A 9.9 kg body is at rest on a frictionless horizontal air track when a constant horizontal force $$\vec{F}$$ acting in the positive direction of an x axis along the track is applied to the body. A stroboscopic graph of the position of the body as it slides to the right is shown in Fig. 7-26. The force $$\vec{F}$$ is applied to the body at t = 0, and the graph records the position of the body at 0.50 s intervals. How much work is done on the body by the applied force $$\vec{F}$$ between t = 0.71 and t = 1.1 s?

http://edugen.wiley.com/edugen/courses/crs1650/art/qb/qu/c07/fig07_26.gif

2. Relevant equations

3. The attempt at a solution

Firstly, unless my numbers are wrong, the acceleration for object this is not constant.

From t = 0 to t = 0.5, $$\delta s = 0.04$$. So then $$v = 0.08$$

From t = 0.5 to t = 1.0, $$\delta s = 0.16$$. So then $$v = 0.24$$

From t = 1.0 to t = 1.5, $$\delta s = 0.24$$. So then $$v = 0.48$$

But notice that for the first two intervals, $$\delta v = 16$$ while for the second, it is $$\delta = 0.24$$. So the acceleration is not constant on the interval t = 0 to t = 1.5.

However, I did manage to boil down the answer to the solution to this equation:

$$d = (x_f - x_i) = \frac{1}{2}a*t_f^2 - \frac{1}{2}a*t_i^2 = \frac{1}{2}a*(t_f^2 - t_i^2)$$

Solving for work:

$$W = Fd \cos(\phi) = m*a*d = \frac{1}{2}m*a^2*(t_f^2 - t_i^2)$$

Subbing the values:

$$W = (0.5)*(9.9)*(1.1^2 - 0.71^2)*a = 3.4947*a$$

Where a is whatever value that works, given the data. Note that I've tried a = 0.48, the acceleration that I found from t = 0 to t = 1.5, a = 0.32 which is the discrete average acceleration from t = 0 to t = 2.0, a = 0.426, which is the arithmetic average of the three values for a I have. Suffice to say none of them work.

Kinda feel dumb for being hung up on such a simple problem, but whatever..

2. Oct 9, 2009

### Vykan12

If the force applied and external forces are all constant, what gives you the impression that acceleration isn't?

3. Oct 9, 2009

### farleyknight

The data! I should post up the chart I made to show you what I mean, but I don't know if the forums accept tables.

4. Oct 9, 2009

### Vykan12

I plotted the points on my calculator and got the linear expression a = 0.4v - 0.1333333...

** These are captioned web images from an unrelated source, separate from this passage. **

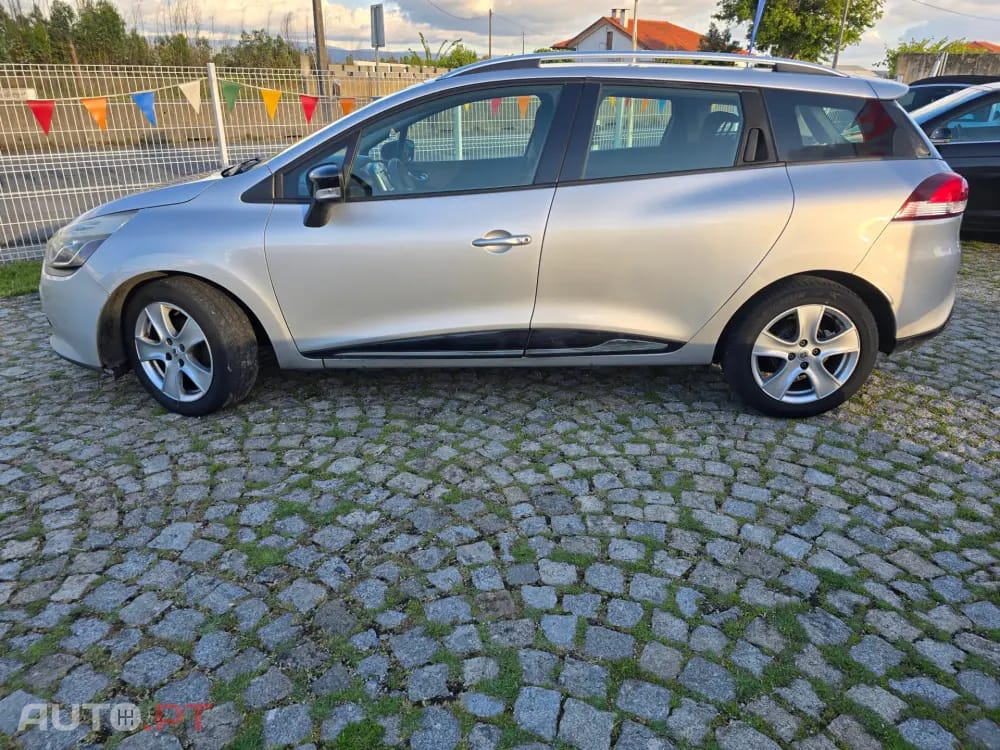Renault Clio Break 1.5 dCi Confort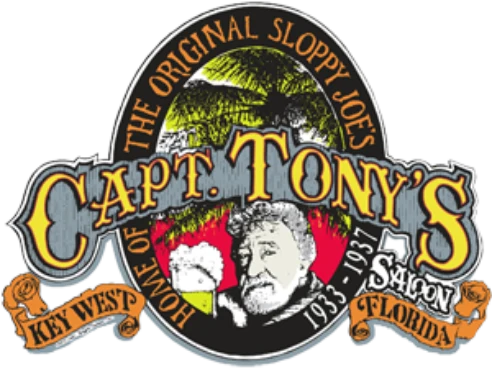 captain tony logo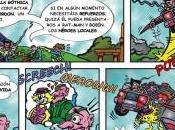 Patrulla Vengadora (cobra hora). Episodio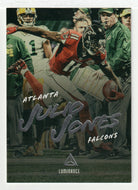 Julio Jones - Atlanta Falcons (NFL Football Card) 2018 Panini Luminance # 46 Mint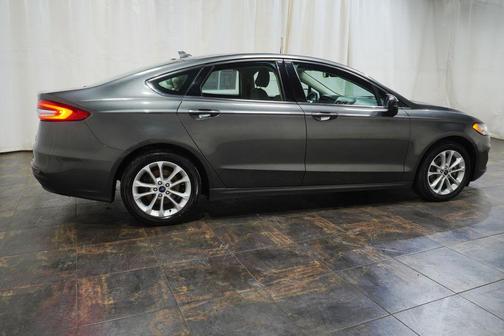 2020 Ford Fusion Hybrid SE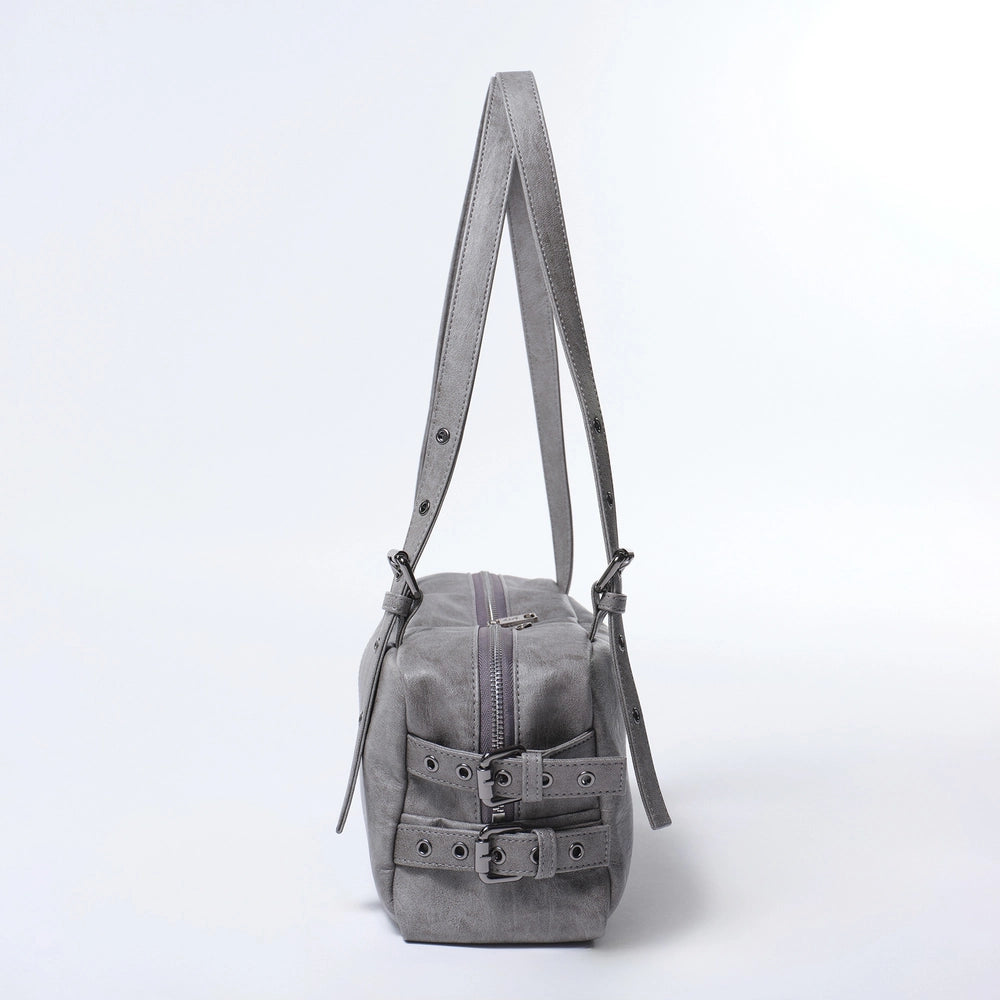 Samo Ondoh Side Belt Bag M Brushed Gray – SEOUL TERRACE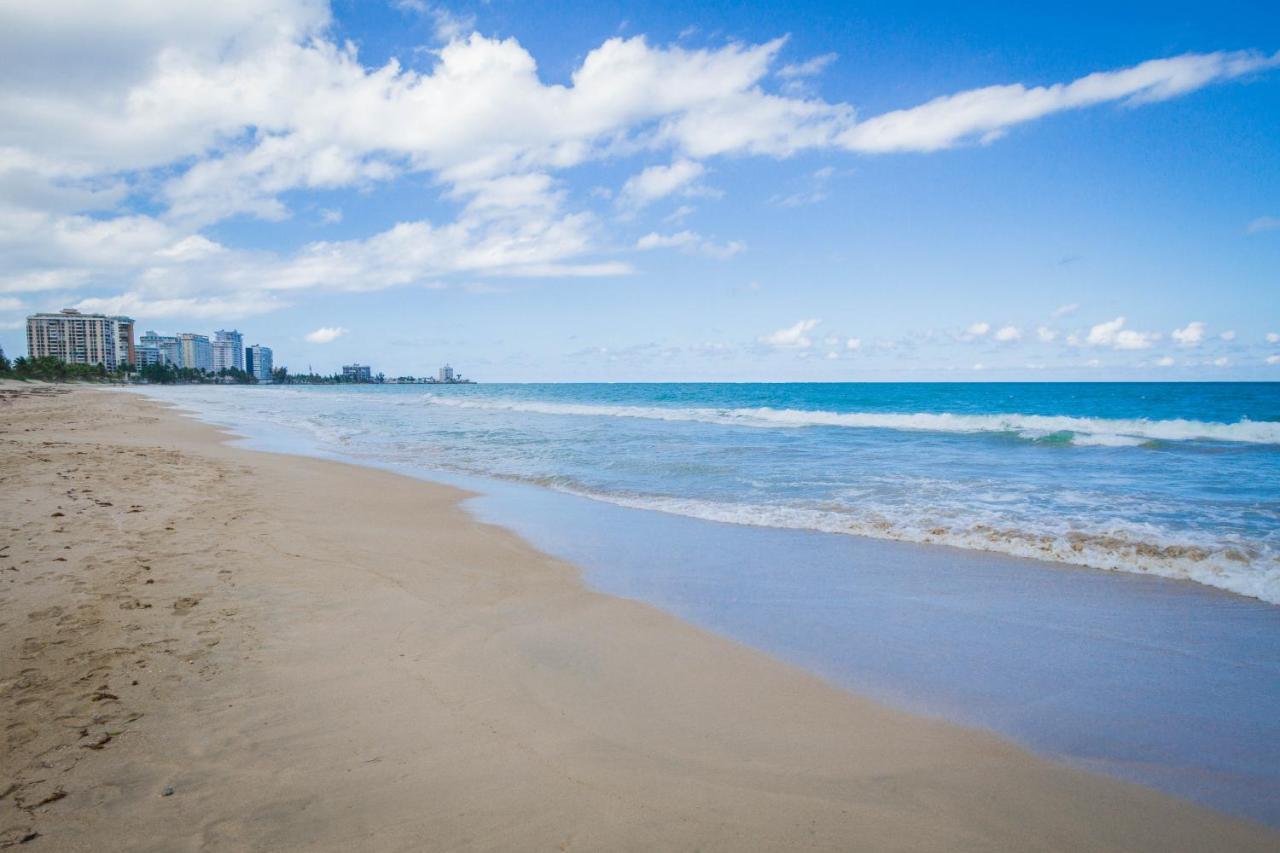 TRYP by Wyndham Isla Verde San Juan Eksteriør billede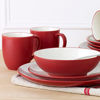 Picture of Noritake Colorwave Pasta Serving Bowl, Raspberry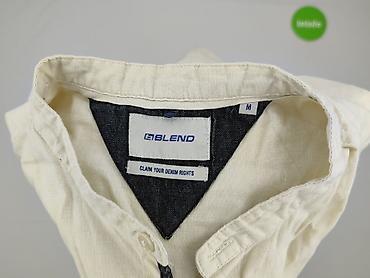 pull bear polska: Blend, Koszulа dla mężczyzn, rozmiar M — 4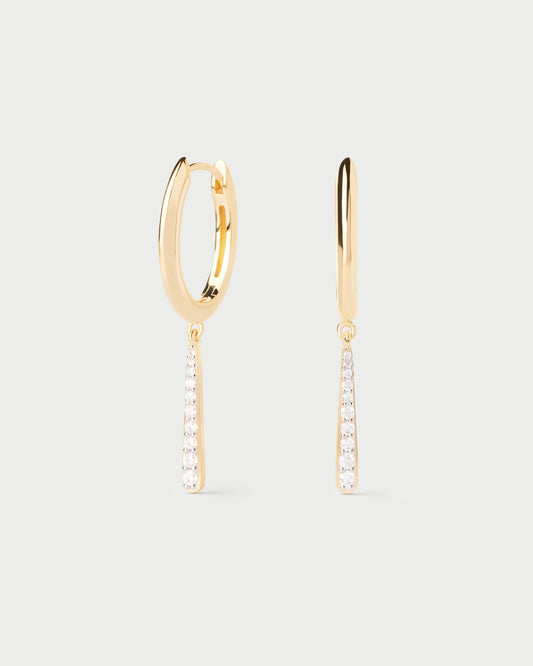 Olga mini hoops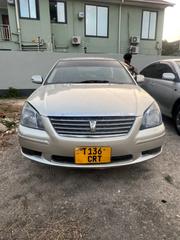 Toyota Premio 2003 Silver for sale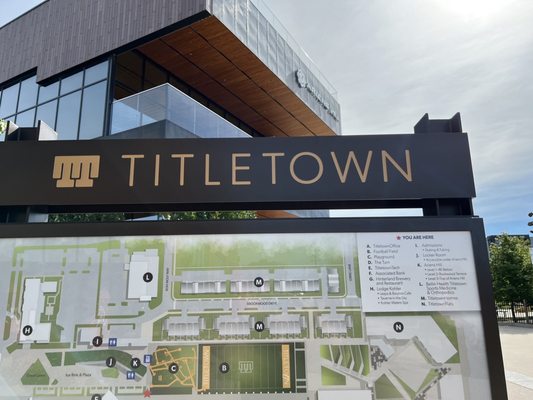 Titletown by null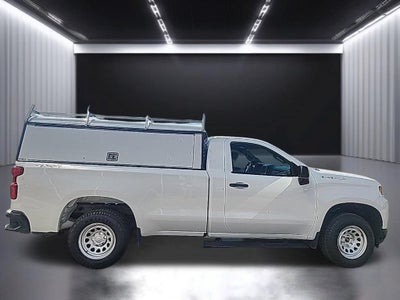 2019 Chevrolet Silverado 1500 Work Truck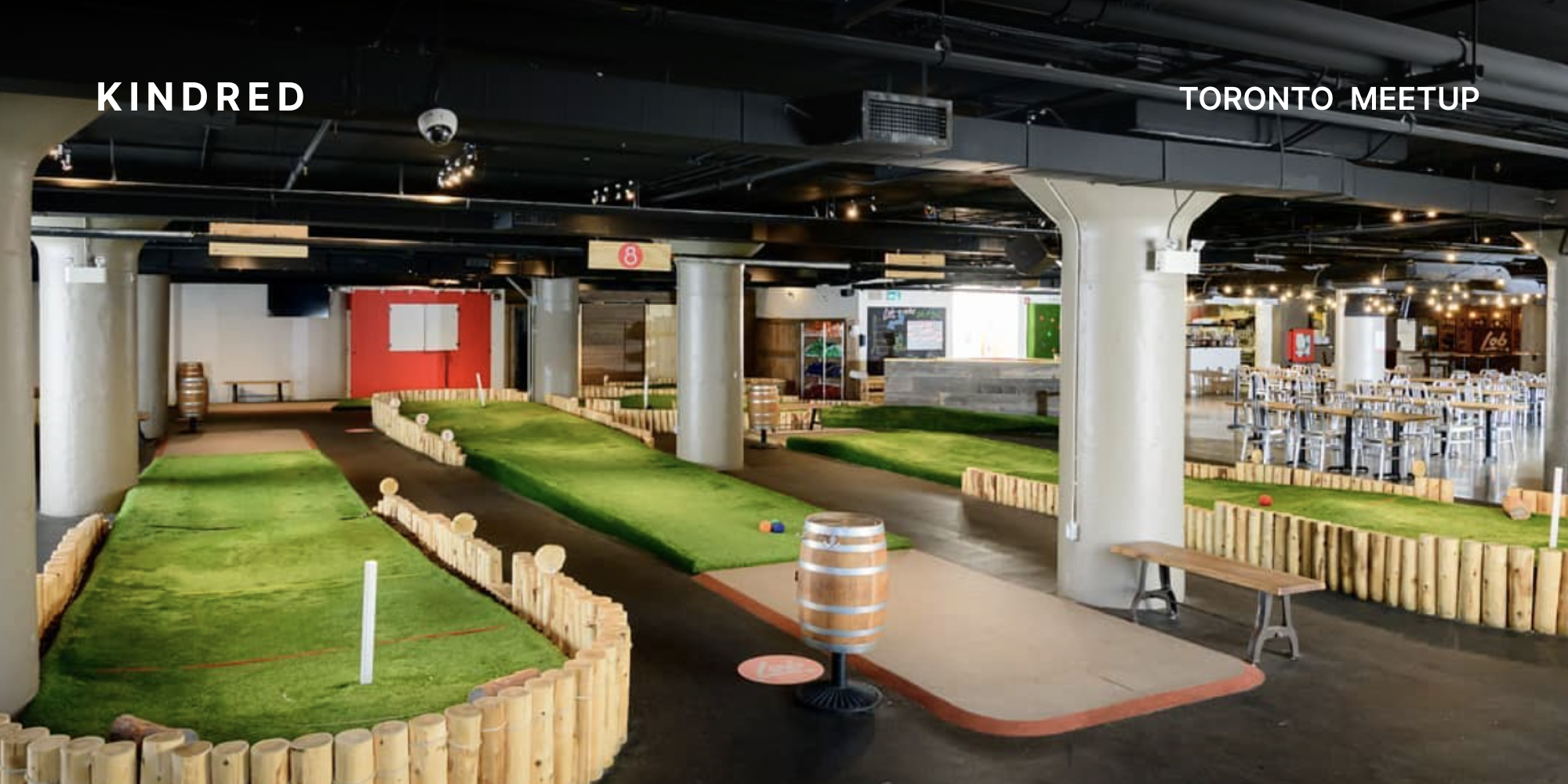 Toronto: Ugly Sweater Bocce-Golf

This seems like a strange problem to give as homework. Also, how did you come up with that expression for acceleration?

5. Oct 9, 2009

### farleyknight

There are 5 data points, which gives 4 position deltas:

$$\delta s_1 = 0.04 - 0 = 0.04$$
$$\delta s_2 = 0.20 - 0.04 = 0.16$$
$$\delta s_3 = 0.44 - 0.20 = 0.24$$
$$\delta s_4 = 0.80 - 0.44 = 0.36$$

Which in tern gives you 3 velocity deltas: (using *2 instead of / 0.5)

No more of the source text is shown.